One of my favorite books about data and measurement is The Haystack Syndrome by Eli Goldratt. It’s almost 30 years old, but it’s more relevant than ever. He proposes a method to architect a system to appreciate the difference between data and information (hint: one has context and thus impacts action) and get to true business measurement.
One of my favorite quotes from the book should resonate with content marketers:
Tell me how you will measure me and I will tell you how I will behave. If you measure me in an illogical way, don’t complain about illogical behavior.

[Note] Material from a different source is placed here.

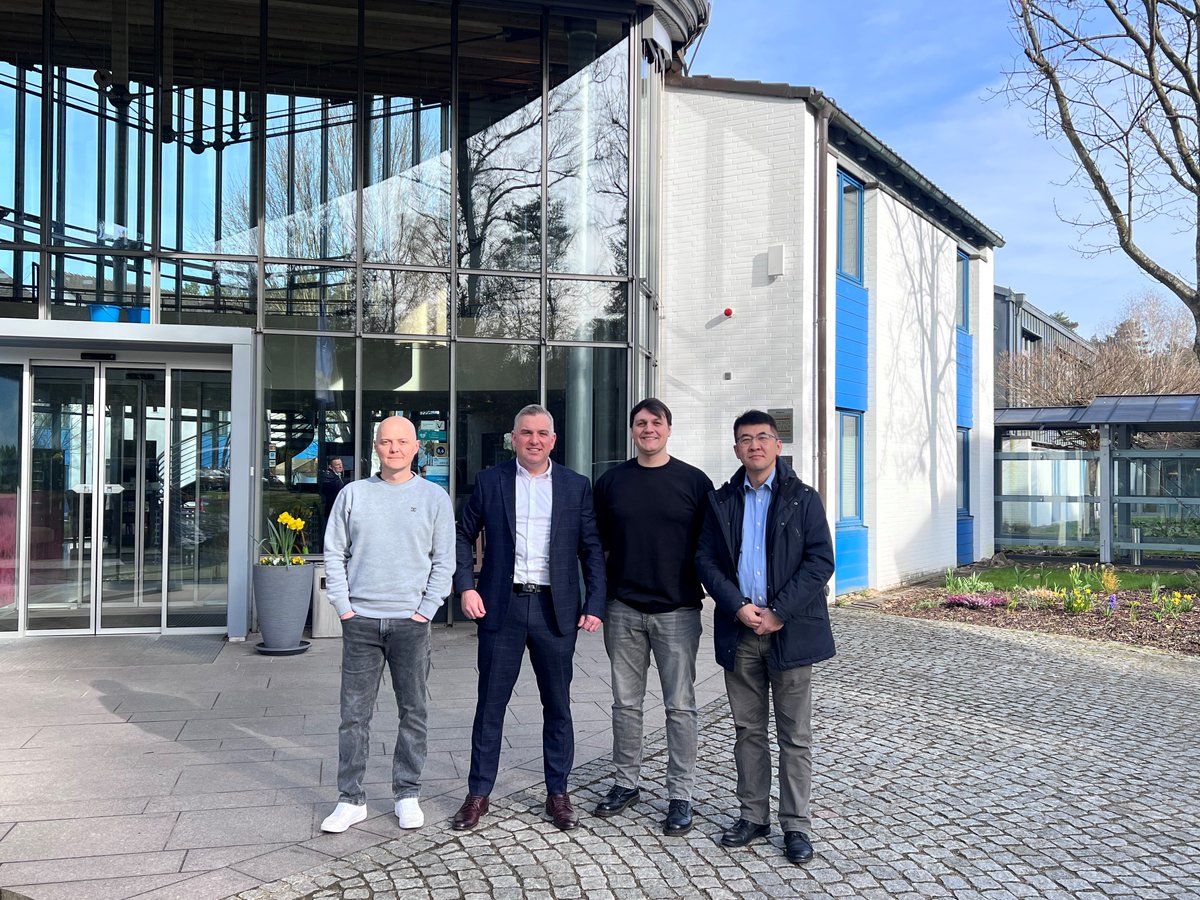 Northstar Ventures tweet media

When I work with a company to evolve its measurement strategy for content marketing, two primary challenges appear. First, the company usually has no true purpose or goal for its content marketing initiative. Many businesses simply define their content marketing as producing ad hoc assets and measuring them like any campaign-focused asset. The team is usually then stuck (or resolved) to use vanity metrics on the content itself such as clicks, shares, visits, etc. In other words, it’s cool to know the blog post or infographic was found and read, but what behavior did it change? You don’t know.
The second challenge, related to the first, is that if businesses have an owned media initiative that collects and builds audiences, they simply don’t know how to connect that new audience to optimized buying behavior. In other words, “It’s neat that we have 5,000 people in our content marketing email list, but when are we going to sell to them or convert them into leads. Won’t that alienate them?” You don’t know.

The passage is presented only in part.